Mandelblit hat entschieden: Er will – nach einer gesetzlich vorgeschriebenen Anhörung – in drei Fällen Anklage wegen Bestechlichkeit, Betrugs und Untreue gegen Benjamin Netanjahu erheben. So etwas gab es in Israel noch nie: ein amtierender Premier auf der Anklagebank.

Mit seiner Entscheidung hat der 55-Jährige auch gezeigt, dass er als Mann des Rechts verstanden werden soll, der sich nicht von alten Seilschaften oder politischen Motiven beeinflussen lässt. Vertraute bezeichnen ihn Berichten zufolge als aufrichtig, fair und vernünftig. Selbst in jüdisch-reformierten Kreisen spricht man positiv über den orthodoxen Juden, der erst mit Mitte 20 fromm wurde. Er war maßgeblich an der Aushandlung eines Kompromisses im Streit um die Gebetsbereiche vor der Klagemauer beteiligt – der allerdings vorerst auf Eis gelegt wurde.

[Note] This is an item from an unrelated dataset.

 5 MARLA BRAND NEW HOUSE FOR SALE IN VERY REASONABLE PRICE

Lässt sich nicht einschüchtern

Dass sich der Vater von sechs Kindern nicht einschüchtern lässt, hat er bereits als militärischer Generalstaatsanwalt bewiesen. Er klagte drei Soldaten wegen Fehlverhaltens im Einsatz an. Für manche galt er damit als Verräter – das Wort wurde auch auf seine Hauswand gesprüht.

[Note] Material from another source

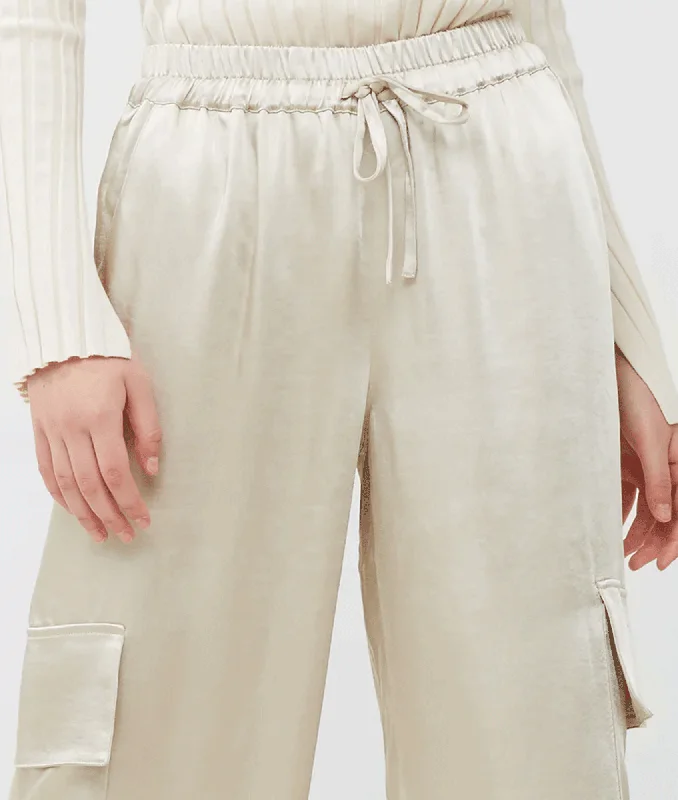 Chloetta Recycled Cargo Trousers - Cream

Es blieb nicht der einzige Angriff. Auch in der Causa Netanjahu steht er unter Druck: Ende 2018 schändeten Vandalen das Grab seines Vaters, deshalb wurden die Sicherheitsmaßnahmen für ihn erhöht. Bereits zuvor protestierten dutzende Israelis monatelang vor seinem Haus in Petach Tikwa bei Tel Aviv, weil ihnen seine Arbeit nicht schnell genug ging. Mandelblit ließ alle wissen, er arbeite so schnell, so professionell und so gründlich wie möglich.

Von Netanjahu und dessen politischen Verbündeten muss er sich nun vorwerfen lassen, dem Druck der "Linken" und der Medien nachgegeben zu haben. Außerdem beschuldigen sie den Generalstaatsanwalt, sich mit seiner Entscheidung in den laufenden Wahlkampf – Urnengang ist am 9. April – einzumischen.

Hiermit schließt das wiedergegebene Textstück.